A escolha ocorre de forma simbólica porque segue o critério de antiguidade entre os ministros oriundos do Supremo Tribunal Federal que integram o TSE. Com a mudança, o ministro André Mendonça assumirá a vice-presidência da Corte eleitoral. A data oficial da posse ainda não foi definida.
A atual presidente decidiu antecipar sua saída do cargo para facilitar a transição administrativa antes do período eleitoral. Embora pudesse permanecer no tribunal até agosto, Cármen Lúcia já indicou que pretende deixar o TSE para se dedicar exclusivamente às atividades no STF.

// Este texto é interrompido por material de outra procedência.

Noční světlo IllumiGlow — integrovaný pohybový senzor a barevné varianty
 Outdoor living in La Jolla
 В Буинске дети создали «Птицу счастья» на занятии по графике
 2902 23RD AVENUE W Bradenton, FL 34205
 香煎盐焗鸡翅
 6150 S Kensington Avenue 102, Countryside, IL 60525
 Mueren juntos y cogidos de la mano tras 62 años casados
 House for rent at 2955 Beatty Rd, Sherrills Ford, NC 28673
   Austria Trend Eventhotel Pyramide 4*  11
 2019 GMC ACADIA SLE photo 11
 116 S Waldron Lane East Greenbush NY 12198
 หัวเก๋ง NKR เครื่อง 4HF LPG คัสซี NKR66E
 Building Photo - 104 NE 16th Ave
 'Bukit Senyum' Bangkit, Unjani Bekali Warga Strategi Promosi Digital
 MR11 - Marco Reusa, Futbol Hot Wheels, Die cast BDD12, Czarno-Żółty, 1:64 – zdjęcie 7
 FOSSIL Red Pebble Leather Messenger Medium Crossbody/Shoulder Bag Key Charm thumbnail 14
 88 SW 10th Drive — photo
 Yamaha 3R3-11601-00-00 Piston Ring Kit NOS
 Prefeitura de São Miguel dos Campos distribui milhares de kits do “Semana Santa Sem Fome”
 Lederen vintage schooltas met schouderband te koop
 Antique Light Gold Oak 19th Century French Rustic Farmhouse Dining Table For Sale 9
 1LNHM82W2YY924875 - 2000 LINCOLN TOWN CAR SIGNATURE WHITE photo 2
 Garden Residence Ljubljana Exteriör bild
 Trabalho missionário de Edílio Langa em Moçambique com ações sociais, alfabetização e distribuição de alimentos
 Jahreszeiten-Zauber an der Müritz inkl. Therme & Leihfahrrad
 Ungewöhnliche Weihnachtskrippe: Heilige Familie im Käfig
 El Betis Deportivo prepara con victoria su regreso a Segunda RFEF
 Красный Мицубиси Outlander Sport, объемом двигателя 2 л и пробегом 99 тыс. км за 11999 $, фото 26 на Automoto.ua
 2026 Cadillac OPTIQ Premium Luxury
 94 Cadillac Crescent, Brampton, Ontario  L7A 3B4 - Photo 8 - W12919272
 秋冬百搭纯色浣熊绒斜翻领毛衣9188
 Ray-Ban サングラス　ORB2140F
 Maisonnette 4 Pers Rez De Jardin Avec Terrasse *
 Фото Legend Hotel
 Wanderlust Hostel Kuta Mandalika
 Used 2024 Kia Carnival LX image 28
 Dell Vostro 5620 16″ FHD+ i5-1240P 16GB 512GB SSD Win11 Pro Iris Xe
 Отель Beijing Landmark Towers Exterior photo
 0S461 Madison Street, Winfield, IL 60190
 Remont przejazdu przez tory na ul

Com isso, o ministro Dias Toffoli passará a ocupar uma cadeira efetiva no tribunal eleitoral.
Natural de Teresina (PI), Nunes Marques tem 53 anos e foi indicado ao STF em 2020 pelo ex-presidente Jair Bolsonaro, na vaga deixada pelo ministro Celso de Mello. Antes disso, atuou como desembargador do Tribunal Regional Federal da 1ª Região, em Brasília, além de ter sido advogado por cerca de 15 anos e juiz do Tribunal Regional Eleitoral do Piauí.
O TSE é composto por sete ministros: três do STF, dois do Superior Tribunal de Justiça e dois juristas indicados pelo presidente da República, além dos substitutos. Com a saída de Cármen Lúcia, a nova composição da Corte contará, nas vagas do STF, com Nunes Marques, André Mendonça e Dias Toffoli; nas cadeiras do STJ, com os ministros Antonio Carlos Ferreira e Ricardo Villas Bôas Cueva; e, como juristas, Floriano de Azevedo Marques e Estela Aranha.